_ABOUT THIS EXERCISE_
Output the entries below unchanged, except for the pictures.

_RECORDED DATA_
========================================================================

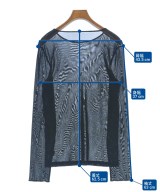 6(ROKU)（ロク）Tシャツ・カットソー 黒 サイズ:-(M位) レディース/2200702962028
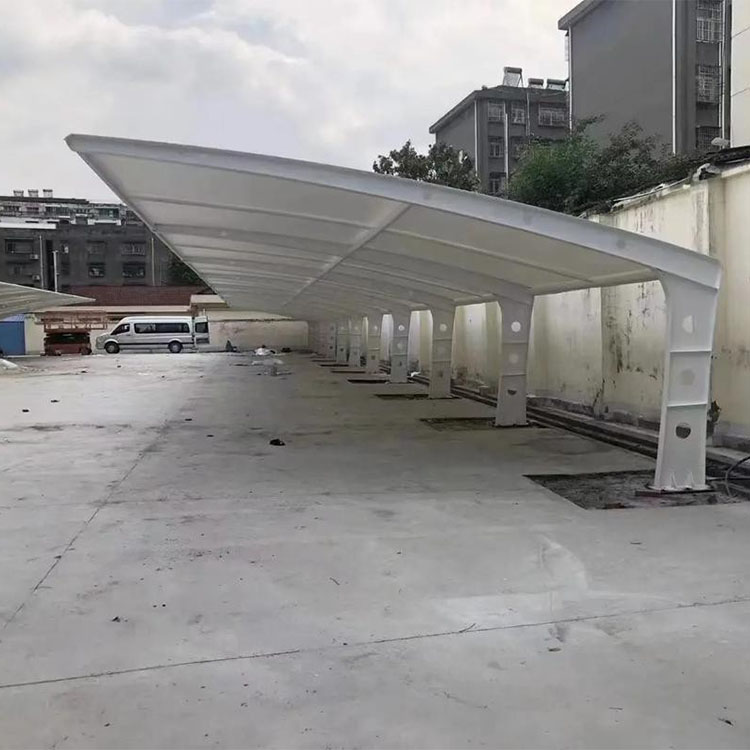 沿河膜结构汽车棚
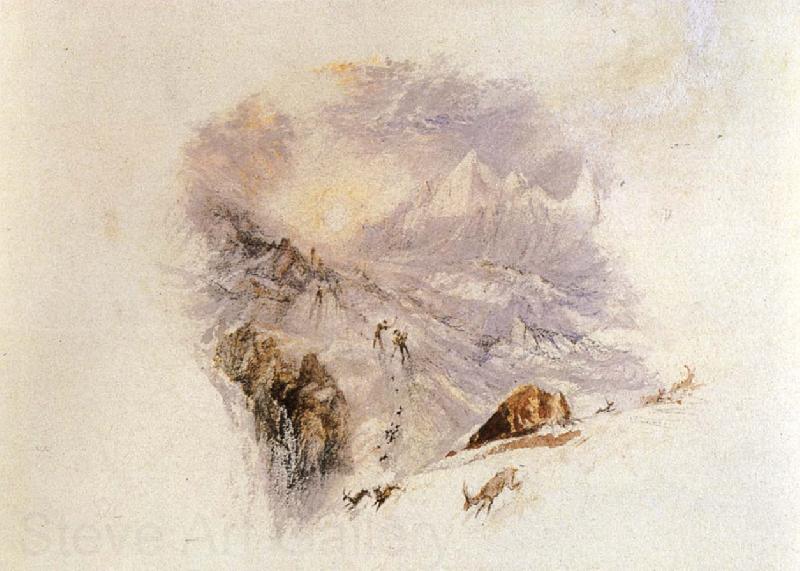 Joseph Mallord William Turner Mountain Norge oil painting art
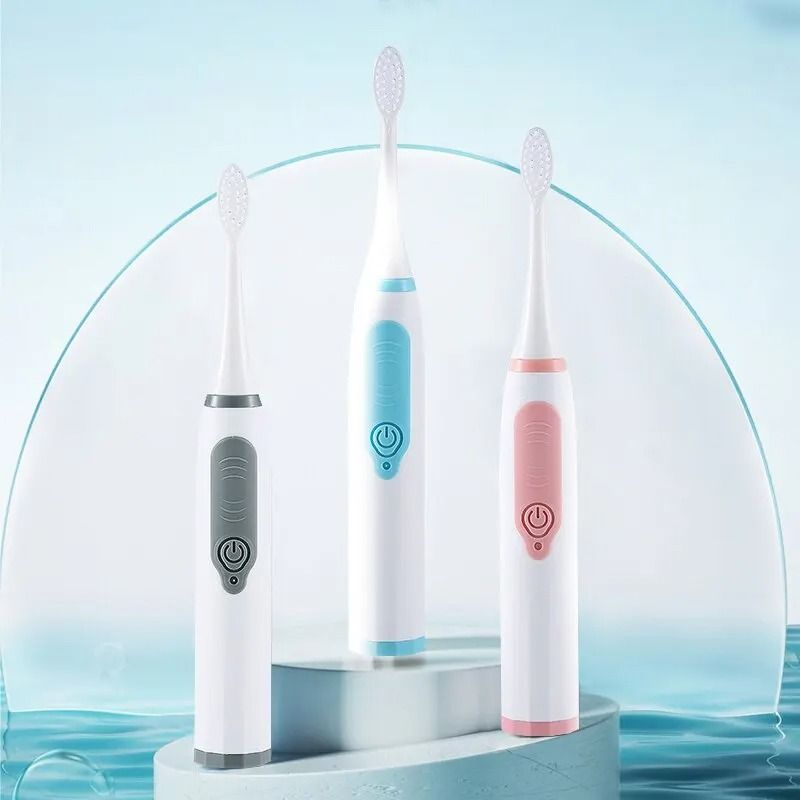 Ultrasonic HighFrequency Waterproof Electric Toothbrush With 5 Modes USB Charging 1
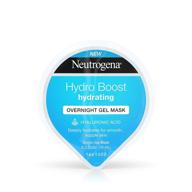 💦 neutrogena hydro boost moisturizing overnight gel cream face mask: hyaluronic acid + 12 pack logo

========================================================================

_RESPONSE TO THE TASK_
 6(ROKU)（ロク）Tシャツ・カットソー 黒 サイズ:-(M位) レディース/2200702962028
 沿河膜结构汽车棚
 Joseph Mallord William Turner Mountain Norge oil painting art
 Ultrasonic HighFrequency Waterproof Electric Toothbrush With 5 Modes USB Charging 1
 💦 neutrogena hydro boost moisturizing overnight gel cream face mask: hyaluronic acid + 12 pack logo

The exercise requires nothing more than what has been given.